Les étudiants étrangers surreprésentés
Dans cette population de bénéficiaires, figurent des étudiants étrangers. Ils ne sont pas mentionnés dans le baromètre. « Nous avons des communautés indiennes et pakistanaises », explique Sarah Galeazzi. C’est le cas de Kader*. Il se fond dans une file compacte, habillé en noir. L’étudiant de 26 ans, d’origine Pakistanaise, ne bénéficie d’aucune aide financière. Il vit avec ses économies. « J’essaie de trouver un travail », s’exprime-t-il en anglais. Celui qui suit des cours à l’Université Gustave Eiffel apprend le français, non sans difficultés. Lui vient pour une distribution vestimentaire. C’est le second volet d’action de Cop1. 200 bénéficiaires sont attendus. « C’est le double pour l’alimentaire », confie Sarah Galeazzi, âgée de 22 ans. Elle veille sur le bon déroulement de la soirée.
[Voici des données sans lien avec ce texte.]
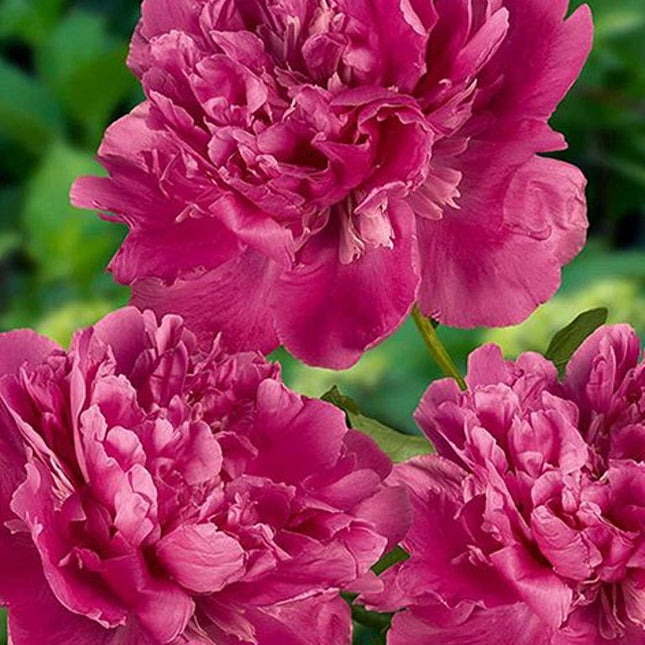 Bujori Edulis Superba 1 buc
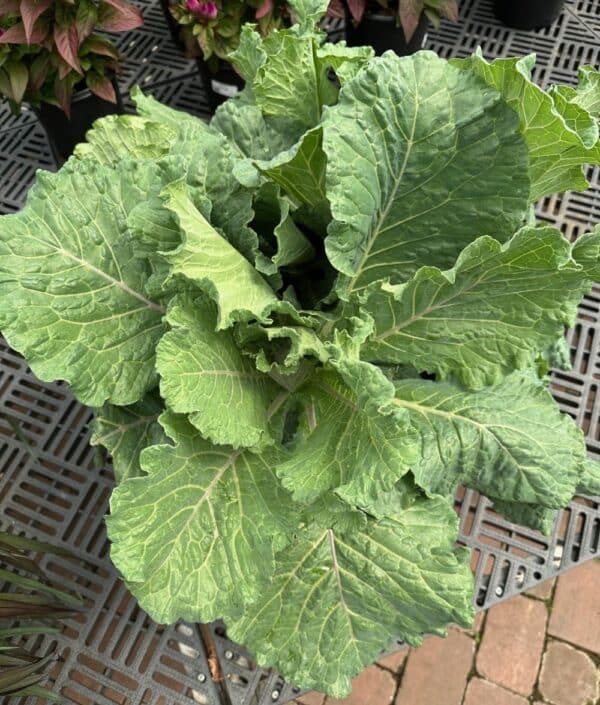 Cabbage/Kale Deadon #1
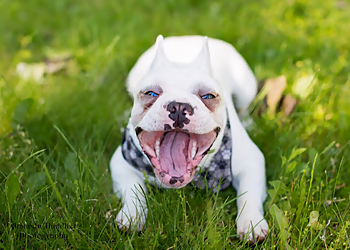 M & A Pet Services - Toledo, OH Dog Walkers - Work Image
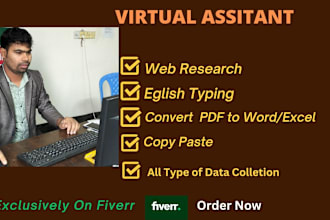 do english typing, web research from sites and all kinds of data entry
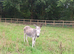 Jack and in foal jenny
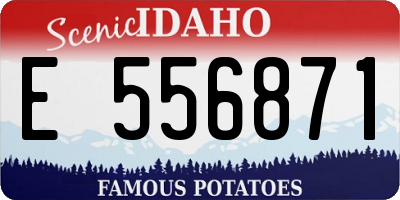 ID license plate E556871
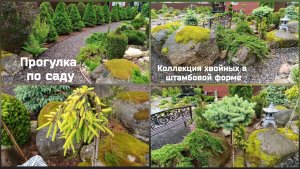 Прогулка по саду. Коллекция хвойных в штамбовой форме.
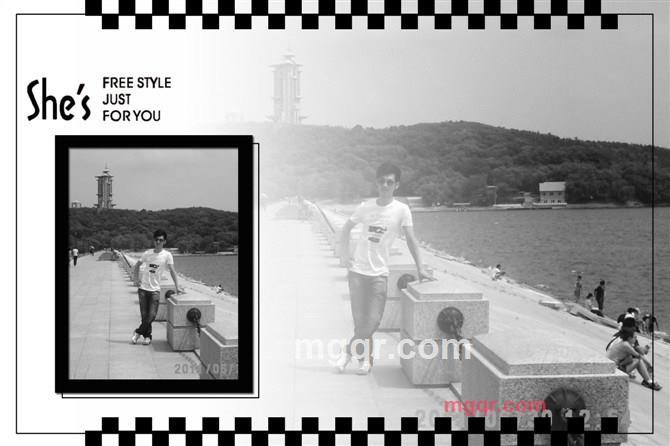 海豚的翅膀的第1张照片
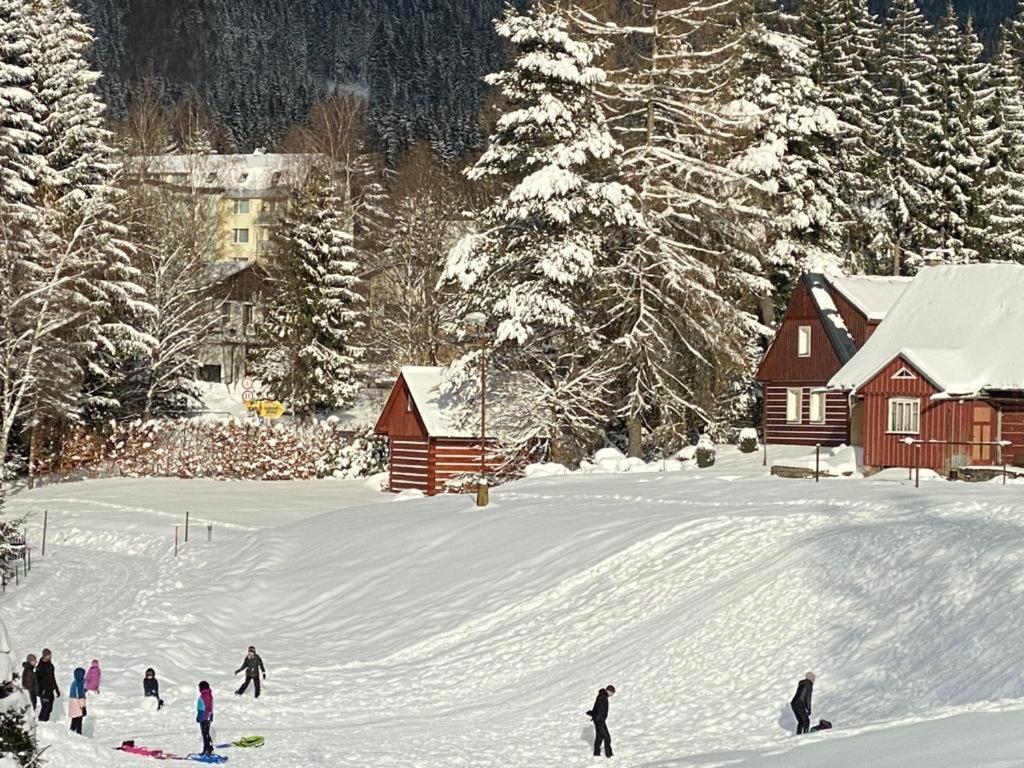 Spirit Harrachov Superior Wellness Apartments - Free Wellness, Wifi, Parking, Harrachov Card Bagian luar foto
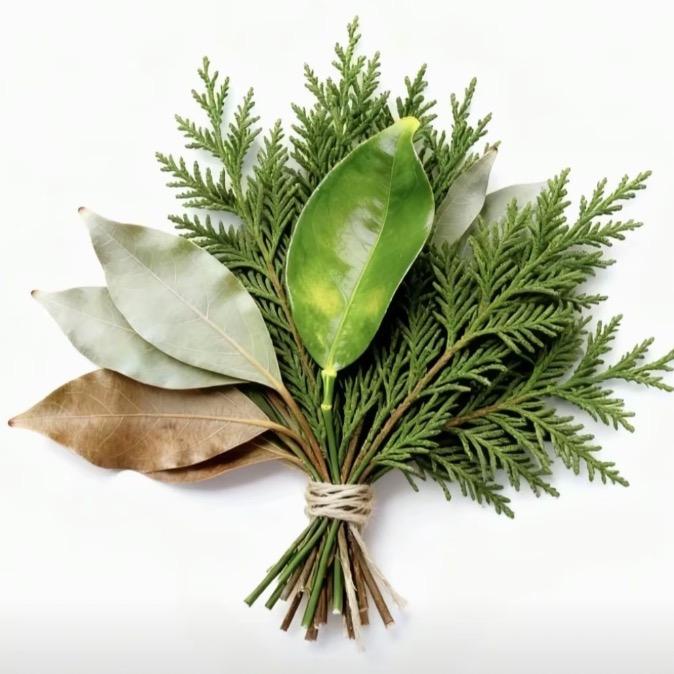 遇见奇妙兔ᙏ̤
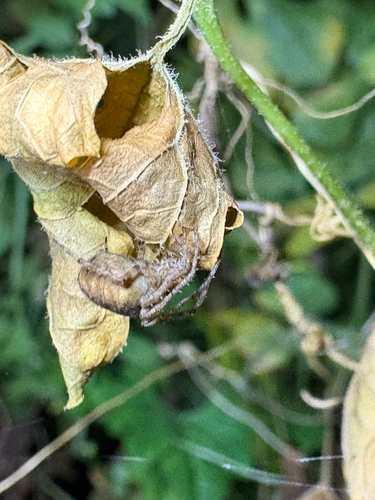 Eriophora edax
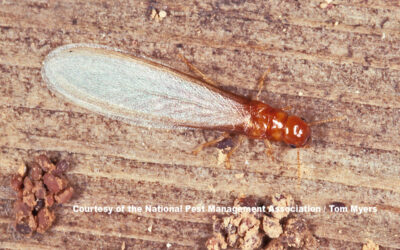 Termite Swarm Season in Central Virginia: 5 Warning Signs to Watch For This Spring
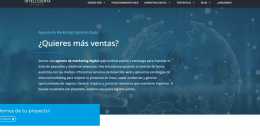 Agencia de Marketing Digital: Impulsando el Éxito con Intelligenta Studio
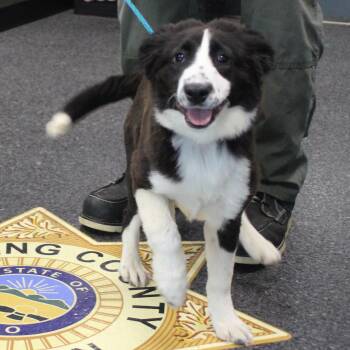 Border Collie Dogs Available for Adoption in Heath, Ohio - Queenie (11777) | PetCurious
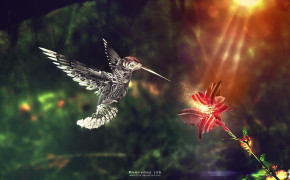 Fantasy Hummingbird HD Background Wallpaper 76178
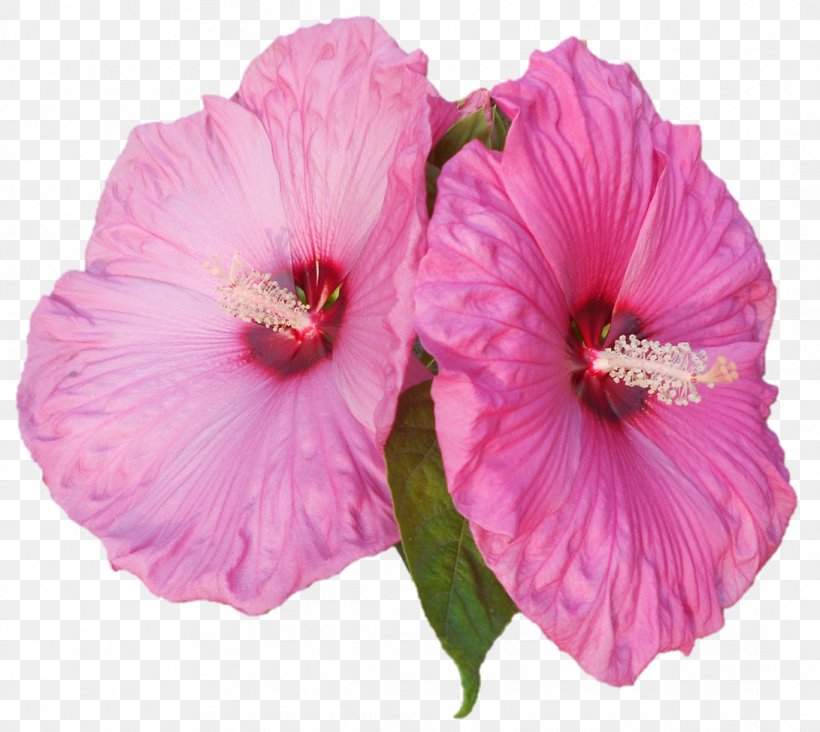 Shoeblackplant Pink M Annual Plant Herbaceous Plant, PNG, 1091x974px, Shoeblackplant, Annual Plant, China Rose, Chinese Hibiscus, Flower Download Free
L’association Cop1 dispose de plusieurs locaux pour stocker les denrées alimentaires. Cette photo a été prise dans le bâtiment de l’Université Paris 3. Lucas Ciaravola ©
Loin du bouillonnement des préparatifs, Emma*, 26 ans, scrolle sur son téléphone. Elle lui reste encore 50 minutes à attendre, alors qu’il commence à pleuvoir. Son faible pécule, qu’elle a accumulé grâce à d’anciens contrats de travail, fond comme neige au soleil. « Tout coûte cher », se désole-t-elle, vêtue d’un manteau beige premier prix.
Pour pallier cette précarité, une proposition de loi a été déposée par les Socialistes à l’Assemblée nationale en octobre 2024. Elle vise à « rendre accessible à tous les étudiants le repas à un euro », y compris ceux qui ne sont pas boursiers. « Nous devons permettre à tous les étudiants de manger à leur faim. Le système actuel de bourses n’est plus adapté », argue Fatiha Keloua Haci, rapporteuse du texte. Ce dernier a été débattu le 12 décembre dernier au sein de l’hémicycle et renvoyé depuis à la Commission des affaires culturelles et de l’éducation.
Bénévole et bénéficiaire
Il est 18h20, rue Gouthiere, dans le 13ème arrondissement de Paris. Les premiers bénéficiaires peuvent désormais entrer à l’intérieur du centre d’accueil pour jeunes, réquisitionné pour l’occasion. Emma* est soulagée, l’attente est finie. Au milieu de la pièce d’une trentaine de mètres carrés, s’entassent des piles de vêtements, de tous types. Des pantalons, des tee-shirts, des sweats, des blousons, des sacs à mains, mais aussi des protections hygiéniques envahissent les lieux. Il s’agit uniquement de dons de particuliers et occasionnellement de grandes marques. Idem pour les produits alimentaires, avec des légumes, des pâtes mais encore des boîtes de conserve. Les quantités par personne sont limitées, à cause d’un stock restreint. De toute façon, personne ne cherche à s’éterniser sur place.
Ciaravola ©
Cop1 en a bien conscience. Ces rendez-vous peuvent générer de la honte de la part des bénéficiaires. « L’idée est de rendre ce moment le moins désagréable possible », raconte Medhi*, bénévole en service civique. C’est sa première distribution vestimentaire. Lui s’occupe du service des boissons, un petit plus proposé gratuitement par Cop1. Cette tâche, d’apparence anodine, permet de renouer du lien social et de briser les barrières de la timidité. « Voulez-vous du café ou du thé ? », s’adresse-t-il à des bénéficiaires, toujours avec le sourire. Il communique en français et parfois dans un anglais approximatif et hésitant. Medhi* arrête son service aux alentours de 20h35, une fois l’événement achevé. Il reviendra le lendemain, lors de la distribution alimentaire. Cette fois pour remplir son frigo.
*Pour préserver l’anonymat des personnes citées, leurs prénoms ont été modifiés.